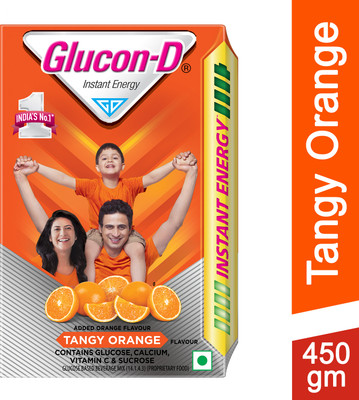 GLUCON-D Tangy Orange Glucose Powder, Refill Energy Drink(450 g, Tangy Orange Flavored)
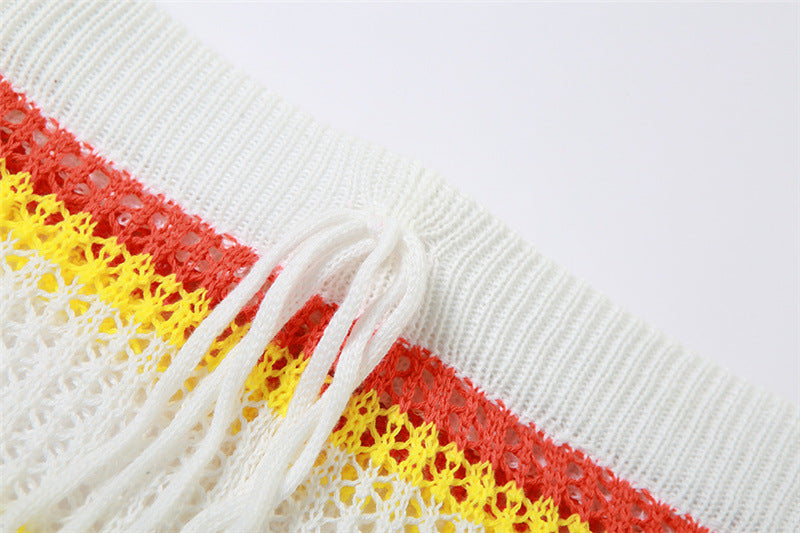 Women's Sexy Knitting Contrast Color Sleeveless Top High Waist Bodycon Shorts Casual Set 18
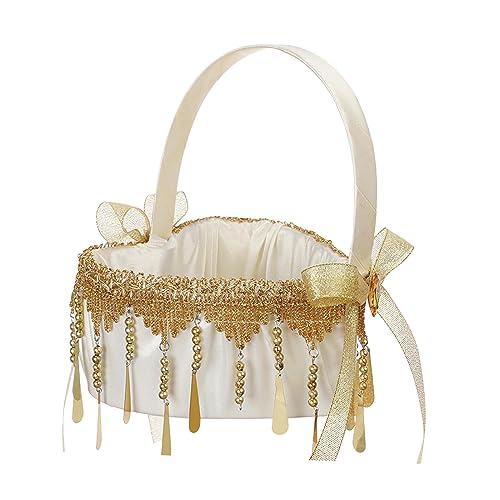 TOOYFUL Flower Girl Basket Comfortable Handle Delicate Love Symbol European Style for Wedding Party Supplies Bridal Accessories Ornament Decor, Aureate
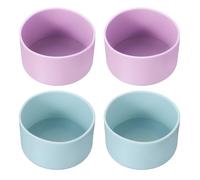 PATIKIL Silicone Boot for Tumbler Boot, 4Pcs Bottom Sleeve Protector Anti-Slip Protective Sleeve for Water Bottle Car Travel Cup, Light Blue/Purple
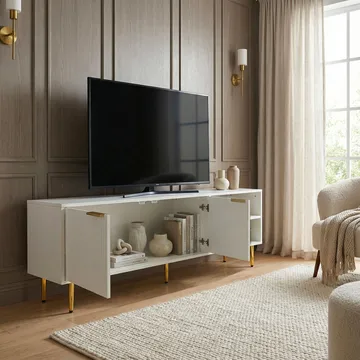 Morela TV-bänk 150 cm - Vit med guldfärgade detaljer - Möbler - Tv möbel & mediamöbel - TV bänk & mediabänk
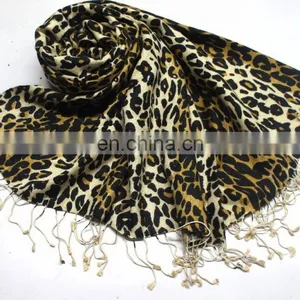Silk Pashmina Wool Shawls, Hand Printed With Fringes thumbnail-3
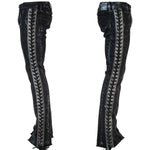 Wornstar Clothing mens custom pants. Handmade custom denim and leather rock pants. Rocker style black stretch denim custom made stage pants.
══════
### What you need to do
Skip the images and write out the rest of the listing exactly.

### Solution to this problem
 GLUCON-D Tangy Orange Glucose Powder, Refill Energy Drink(450 g, Tangy Orange Flavored)
 Women's Sexy Knitting Contrast Color Sleeveless Top High Waist Bodycon Shorts Casual Set 18
 TOOYFUL Flower Girl Basket Comfortable Handle Delicate Love Symbol European Style for Wedding Party Supplies Bridal Accessories Ornament Decor, Aureate
 PATIKIL Silicone Boot for Tumbler Boot, 4Pcs Bottom Sleeve Protector Anti-Slip Protective Sleeve for Water Bottle Car Travel Cup, Light Blue/Purple
 Morela TV-bänk 150 cm - Vit med guldfärgade detaljer - Möbler - Tv möbel & mediamöbel - TV bänk & mediabänk
Silk Pashmina Wool Shawls, Hand Printed With Fringes thumbnail-3
 Wornstar Clothing mens custom pants. Handmade custom denim and leather rock pants. Rocker style black stretch denim custom made stage pants.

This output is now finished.